* _ABOUT THIS TASK_:
Your copy of the listing should match it exactly, only without pictures.

* _RECORDED DATA_:
-- -- --

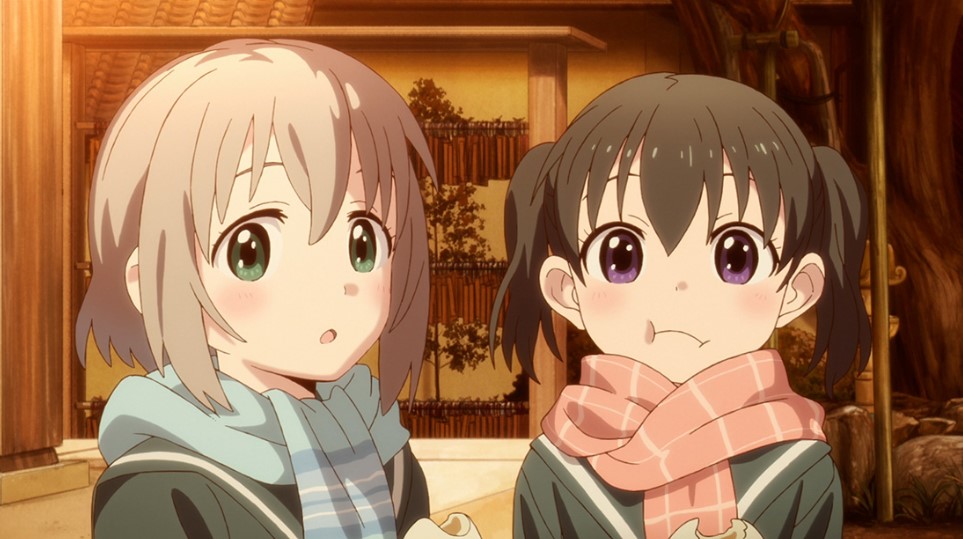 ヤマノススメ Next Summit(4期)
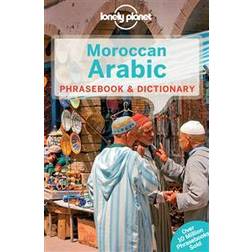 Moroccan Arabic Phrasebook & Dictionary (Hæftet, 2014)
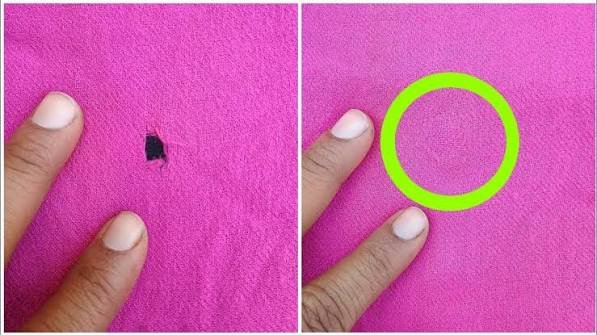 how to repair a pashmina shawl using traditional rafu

-- -- --

* _TASK RESULT_:
 ヤマノススメ Next Summit(4期)
 Moroccan Arabic Phrasebook & Dictionary (Hæftet, 2014)
 how to repair a pashmina shawl using traditional rafu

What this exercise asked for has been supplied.